I just wish I’d got it all when I read it. I would describe myself as being moderately well versed in the works of Shakespeare, but I knew nothing of Pericles before I read The Porpoise, and not a great deal more afterwards. It is only in the research for this post that I have discovered its origins in the ancient Greek tale of Apollonius of Tyre (renamed by Shakespeare), and the basic narrative of the hero being pursued after revealing King Antiochus of Antioch’s incestuous relationship with his daughter.
By knowing the context, an engaging and exciting read is transformed into something much more layered. Not only has Haddon woven the ancient with the modern in ingenious and beautiful fashion, he has righted some of the wrongs of Apollonius’ story, and Wilkins and Shakespeare’s play.
In Pericles, King Antiochus and his daughter are embroiled in an “incestuous” relationship, as though they are both equally culpable. In The Porpoise, Philippe is exposed for the monster he is. He repeatedly rapes Angelica and tries to justify his heinous crimes to himself: “Who else could protect her in the way he can protect her? He will refrain from full intercourse until she is fourteen. He thinks of this as a kindness.”

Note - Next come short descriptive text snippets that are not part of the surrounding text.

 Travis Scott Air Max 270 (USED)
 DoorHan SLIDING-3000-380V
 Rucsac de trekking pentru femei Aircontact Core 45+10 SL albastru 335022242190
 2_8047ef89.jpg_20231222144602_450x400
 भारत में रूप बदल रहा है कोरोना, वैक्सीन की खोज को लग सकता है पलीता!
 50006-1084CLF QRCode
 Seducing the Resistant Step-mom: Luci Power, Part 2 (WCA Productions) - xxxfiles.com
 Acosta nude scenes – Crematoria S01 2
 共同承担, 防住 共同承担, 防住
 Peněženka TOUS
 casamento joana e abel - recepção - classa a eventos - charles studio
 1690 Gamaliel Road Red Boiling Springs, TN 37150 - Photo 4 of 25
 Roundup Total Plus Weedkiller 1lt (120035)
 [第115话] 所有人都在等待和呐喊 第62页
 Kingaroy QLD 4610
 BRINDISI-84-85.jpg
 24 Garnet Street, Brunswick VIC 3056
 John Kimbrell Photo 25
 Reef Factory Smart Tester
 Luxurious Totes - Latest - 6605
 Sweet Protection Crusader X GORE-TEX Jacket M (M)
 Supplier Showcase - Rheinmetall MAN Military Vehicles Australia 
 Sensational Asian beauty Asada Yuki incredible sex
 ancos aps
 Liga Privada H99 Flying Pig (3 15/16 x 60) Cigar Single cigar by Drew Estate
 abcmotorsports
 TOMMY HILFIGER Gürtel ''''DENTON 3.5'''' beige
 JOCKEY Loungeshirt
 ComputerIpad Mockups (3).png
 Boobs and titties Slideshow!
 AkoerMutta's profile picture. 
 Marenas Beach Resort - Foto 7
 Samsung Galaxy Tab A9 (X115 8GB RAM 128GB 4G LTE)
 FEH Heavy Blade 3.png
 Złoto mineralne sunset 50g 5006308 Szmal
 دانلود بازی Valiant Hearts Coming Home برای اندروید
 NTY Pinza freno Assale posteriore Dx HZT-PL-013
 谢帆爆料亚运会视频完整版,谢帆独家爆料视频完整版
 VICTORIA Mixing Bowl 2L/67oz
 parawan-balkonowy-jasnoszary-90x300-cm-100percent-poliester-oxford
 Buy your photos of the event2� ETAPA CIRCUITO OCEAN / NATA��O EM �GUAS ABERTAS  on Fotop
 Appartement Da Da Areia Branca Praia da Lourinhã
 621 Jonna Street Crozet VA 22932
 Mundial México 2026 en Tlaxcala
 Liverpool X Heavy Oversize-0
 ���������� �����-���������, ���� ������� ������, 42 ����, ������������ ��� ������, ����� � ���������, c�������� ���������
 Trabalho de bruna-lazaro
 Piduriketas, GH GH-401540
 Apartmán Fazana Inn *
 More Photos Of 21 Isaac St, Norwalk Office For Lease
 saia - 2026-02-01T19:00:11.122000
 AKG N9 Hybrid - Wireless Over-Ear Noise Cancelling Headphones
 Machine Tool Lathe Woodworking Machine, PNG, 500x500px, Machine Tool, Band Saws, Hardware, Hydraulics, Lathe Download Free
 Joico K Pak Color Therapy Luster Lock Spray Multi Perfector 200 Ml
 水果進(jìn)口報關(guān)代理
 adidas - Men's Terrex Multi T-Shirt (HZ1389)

Also in Pericles, Antiochus’ victim, his unnamed daughter, is used merely as a plot device, a jumping-off point from which Pericles can have adventures. In Haddon’s novel, the character of Angelica is joined, perhaps literally across the millennia, by Chloe and Marina, wife and daughter of Pericles, in having a voice and agency of their own. As such, The Porpoise is in a similar tradition to the works of Madeline Miller (The Song of Achilles and Circe, both excellent) and Pat Barker’s The Silence of the Girls, recent novels that have foregrounded the plight of women in Greek myths.
The allusions in The Porpoise are punching you in the face pretty much from the get-go; for one thing the Hampshire home in which Philippe and Angelica live is called Antioch. And the dust jacket makes it very clear you’re in for a reimagining of Pericles (amusingly described by Haddon as one of Shakespeare’s “slightly rubbish plays”). I just didn’t think knowing the story would be a necessity, in fact I thought it might lead to unhelpful comparisons. In this case, that was wrong, and I think I might need to read it again.